■ **Given data**
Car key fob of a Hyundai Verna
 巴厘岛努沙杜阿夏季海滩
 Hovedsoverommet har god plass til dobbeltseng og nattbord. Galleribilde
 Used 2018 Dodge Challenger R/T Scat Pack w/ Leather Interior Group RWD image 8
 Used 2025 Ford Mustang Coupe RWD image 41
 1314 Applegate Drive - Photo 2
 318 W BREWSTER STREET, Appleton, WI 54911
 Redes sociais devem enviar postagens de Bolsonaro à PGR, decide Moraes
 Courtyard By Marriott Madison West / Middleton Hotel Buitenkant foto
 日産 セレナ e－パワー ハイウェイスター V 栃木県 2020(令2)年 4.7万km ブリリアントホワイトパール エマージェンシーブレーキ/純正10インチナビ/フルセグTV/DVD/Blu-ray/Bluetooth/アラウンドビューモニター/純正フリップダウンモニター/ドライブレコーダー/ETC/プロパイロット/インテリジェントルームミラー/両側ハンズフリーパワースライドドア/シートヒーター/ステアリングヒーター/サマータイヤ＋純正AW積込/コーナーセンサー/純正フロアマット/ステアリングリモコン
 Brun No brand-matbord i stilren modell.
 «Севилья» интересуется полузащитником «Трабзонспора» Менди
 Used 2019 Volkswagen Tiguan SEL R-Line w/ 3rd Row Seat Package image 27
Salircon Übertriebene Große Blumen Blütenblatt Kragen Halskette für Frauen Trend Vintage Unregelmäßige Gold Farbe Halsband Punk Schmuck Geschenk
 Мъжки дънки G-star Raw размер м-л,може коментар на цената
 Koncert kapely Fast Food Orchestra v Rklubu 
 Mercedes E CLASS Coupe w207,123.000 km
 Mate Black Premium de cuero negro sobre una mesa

■ **To do**
Wherever the line holding "318 W BREWSTER STREET, Appleton, WI 54911" falls in the entries above, copy exactly from it through the line holding "Courtyard By Marriott", inclusive, and add nothing.

■ **Output**
 318 W BREWSTER STREET, Appleton, WI 54911
 Redes sociais devem enviar postagens de Bolsonaro à PGR, decide Moraes
 Courtyard By Marriott Madison West / Middleton Hotel Buitenkant foto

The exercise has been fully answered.